Brooke — who announced her arrival with the Sirius/XM The Highway staple "American Dreamin'" — has been keenly listening to other singers and musicians since she was just six years old, soaking in every note as she watched her dad's band play throughout southeast Florida. An accomplished performer at 13, she opened for big names like Alan Jackson and Brooks & Dunn all the while working her way through school to earn a degree in marketing from the University of Florida. A stint as a bartender followed, until her boss heard her sing, and promptly fired her — "You'll thank me later," he said.

Relocating to Nashville, she headed straight to the honky-tonk Tootsie's Orchid Lounge and landed a recurring gig on its world-famous stage.

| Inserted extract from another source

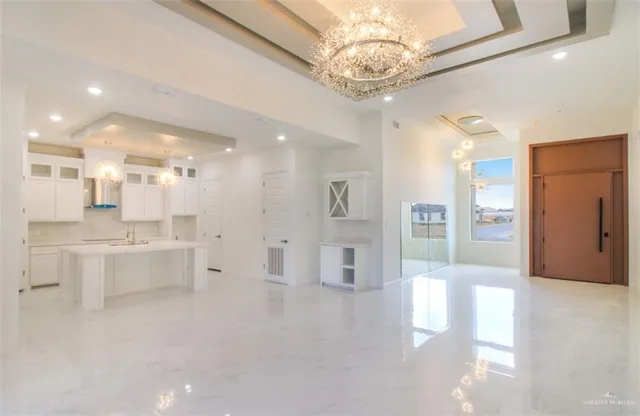 a large kitchen with a lot of counter space and stainless steel appliances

Soon, she was writing her own songs under the tutelage of Tootsie's gregarious bandleader, the late Greg Humphrey, who identified her already-refined chops as an entertainer. "He said, 'Honey, this is honky-tonk school, but if I'm right, I think you've already been through honky-tonk school.' He introduced me to people and they introduced me to other people…" says Brooke, singling out Kallie North and Jessy Wilson of the Muddy Magnolias, who co-wrote "Daddy's Money" inspired by Brooke herself.

"Kallie and I lived together, but I'd go home every two weeks to Florida to make money by playing shows," Brooke says. "Kallie said one time, 'Please don't take this the wrong way, but I always assumed you came from money.' I said, 'Girl, I never had daddy's money!' Two days later, she called me when I was still in Florida and said she had written the song."

Now, "Daddy's Money" has become the cornerstone of Brooke's command-respect mindset. An accomplished songwriter herself who’s written over 100 songs in the past year alone, Brooke furthers that mindset in the equally strong "Sunday Morning." Written by Brooke with #1 songwriter Justin Wilson, the song boasts one of the most country turns-of-phrase in recent years.

"Dating in 2015 is just friends with benefits. It's a super messed-up world we're living in," says the down-to-earth chanteuse. “I wrote the song after getting an early-Sunday morning call from a friend to pick her up at a guy's house. My friend said that he left her there all alone, without even saying bye!”

Continues Brooke, “I told her, 'That is NOT ok. If you're going to be his Saturday night, you'd better be his Sunday morning!' And that became the chorus."

For Brooke, self-respect is paramount, especially for women. But she doesn't flaunt it via tough talk or lyrics about shotguns. Instead, she exudes it gracefully.

"Anytime I've demanded respect, I've gotten it. You're treated the way you want to be," says Brooke, who is wrapping up work on her full-length RED BOW Records debut.

"Everybody's story is different, and I've had to be really patient to get where I am in my life and career," she says. "But I've always believed that, just as my parents said, I could do it. It's all about constantly having faith that you were put here to do something special."